Face gender priming weakly influenced creakiness ratings in relation to f0 values, despite not affecting creakiness ratings in isolation. Observational trends suggest that for ambiguously-gendered voices, a female face might prime increased creakiness perceptions for lower-pitched voices, but a male face might prime increased creakiness perceptions for higher-pitched voices. While not identical, these results share distinct similarities to those in White et al. (2024) in a call back to their speculation about a pitch given gender bias scenario. At matched mean f0 values of 135 Hz, they found more creak identified in the woman’s voice than the man’s voice (and also more creak for a low-pitched man’s modal voice), thus proposing that the underlying cause of this gender effect is low pitch, given the expected pitch range for gender. This hypothesis can account for our study’s increased creakiness ratings for low-pitched voices (115 Hz and 135 Hz) primed by a female face, but fails to explain why a male face might prime listeners to perceive more creaky voice at a higher pitch (155 Hz). It is important to note, however, that this pattern of reversal is only observed in the empirical and model prediction plots and is not clearly statistically significant. If (and only if) we assume that this trend is reliable, we could argue that the pitch given gender bias may be less restricted than White et al. initially proposed, affecting not only low pitch given gender but also high pitch given gender in a more general expectation-reliant hypothesis. Some motivations and implications of such a hypothesis are explored further in following sections (5.2 and 5.3).

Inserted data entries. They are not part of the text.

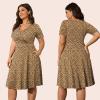 imagePOSESHE Womens Plus Size Dresses Summer Short Sleeve Wrap VNeck Sundress Casual Wedding Guest Cocktail Dress with PocketsLeopard Khaki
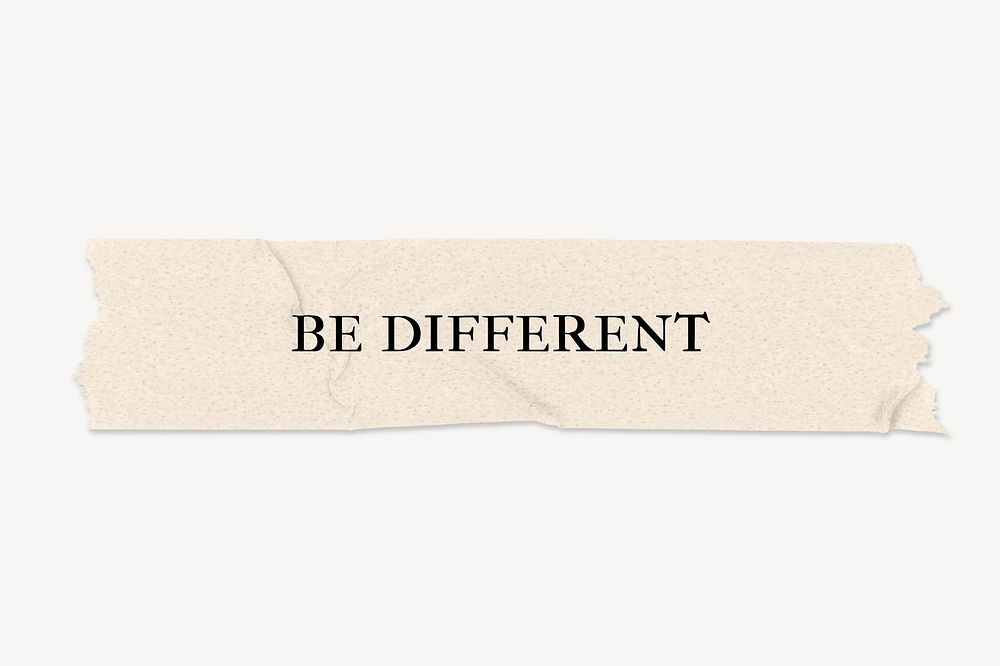 Be different word, paper tape collage element psd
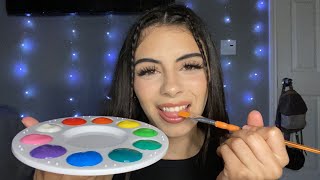 Asmr spit painting you with edible paint againmouth sounds🎨🖌️🖼️ [upl. by Morven914]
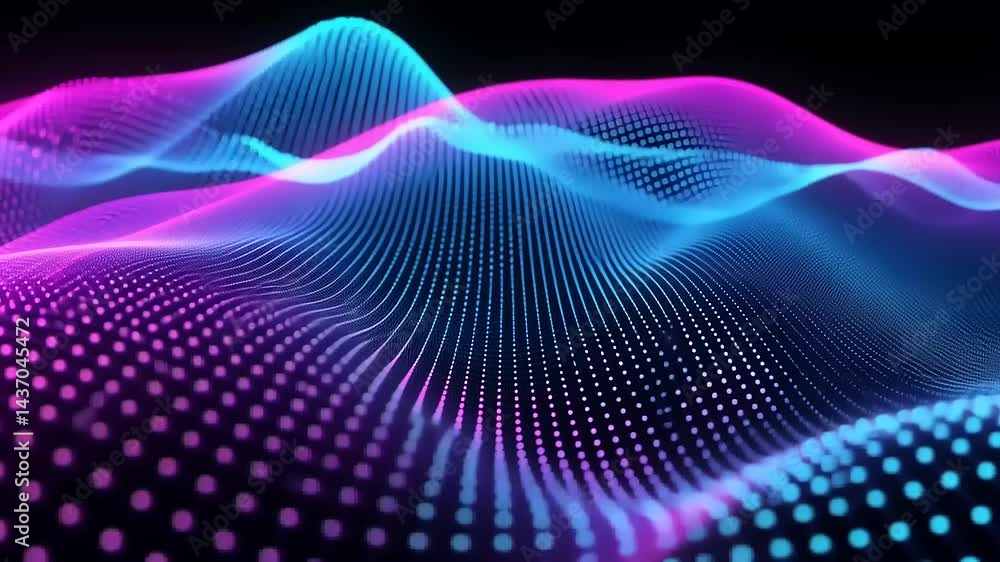 Abstract digital landscape with glowing particles forming undulating waves in vibrant pink and blue hues Abstract digital landscape with glowing particles forming undulating waves in vibrant pink and blue hues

As for reaction time results, slower reaction time was observed for modal voice utterances than for creaky voice utterances, possibly indicating that listeners experienced more difficulty in determining whether there was absence of creak. Visual trends (Figure 8) point to longer reaction times for unexpected pitch-gender combinations, that is for lower-pitched utterances (115 Hz) primed by a woman’s face and higher-pitched utterances (135 Hz and creaky 155 Hz) primed by a man’s face. This is consistent with the idea that linguistic perception is influenced by social expectations. Walker & Hay (2011) show that when word age (determined by the typical age of speakers who often use that word) and voice age are congruent, lexical access is facilitated, resulting in faster reaction times and higher accuracy than when they conflict. They take this as evidence that incongruency between linguistic and social information increases processing costs. Following the same reasoning, when speaker f0 and face gender create conflicting gender expectations, this could lead to increased processing demands and uncertainty, even though they are not being asked to make a gender judgement. These reaction time effects therefore give tentative support that our face gender manipulation created gendered social expectations for the stimuli. That said, surprisingly, this proposed effect reverses for modal voices at 155 Hz, with women’s faces showing slightly higher reaction times. However, given that our reaction times are not based on button-press responses and thus our data is very noisy, conclusions drawn from only reaction time data remain speculative.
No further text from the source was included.